Huebner and his students read the names at a memorial service in the church before the plaque was unveiled. The church bell tolled as the names were read, a standing-room only crowd coming to its feet after the first few names were read.
Among the names Huebner read was Harrison, a 14-year-old boy, sold on his own, and Mary, age 15, also sold on her own. That is despite Forrest defenders who claim that Forrest was “humane” because he would never allow a family sold at his market to be separated from one other. Still other Forrest defenders deny he was ever a slave trader or in the Ku Klux Klan, despite ample historical evidence of both.
“Overwhelmingly these are individual sales,” Huebner said. “There were a few sales of families but typically the family was just a mother and a very young child. … That 3-month-old would have been sold with the mother. That was fairly typical if it was a baby, an infant, a toddler.”
Calvary rector Rev. Scott Walters said the past that took place while the church was its neighbor is also a force in what happens next for the oldest public building in the city.
“We spent several years trying to get it,” Walters said of the property bought from the city. “So now our plan is we prepare in the next few years for a larger reimagining of the Calvary block. … We know we want to honor what’s happened there. We know we want to expand what’s happened there.”

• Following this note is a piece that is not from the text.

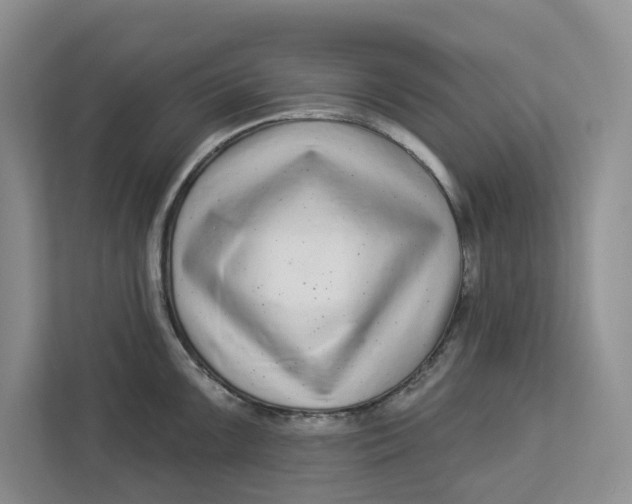 X0000112941099200909141342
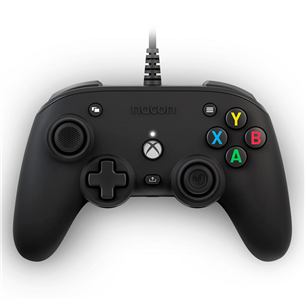 Controller Nacon Pro Compact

As the research by Rhodes students brought what happened on the site into vivid detail with names and ages, Walters said it captured the imagination of the parish.
“One of the persons who read names in the forum - he said, ‘I’m haunted by this. I’m haunted by this information that this market was happening while we were going to church. I want in some way for these people who were bought and sold to be our patron saints.’”
“We honor them today but in our tradition it is a tradition of individuals whose lives and stories and sufferings actually expand our vision of what it means to be human,” Walters said.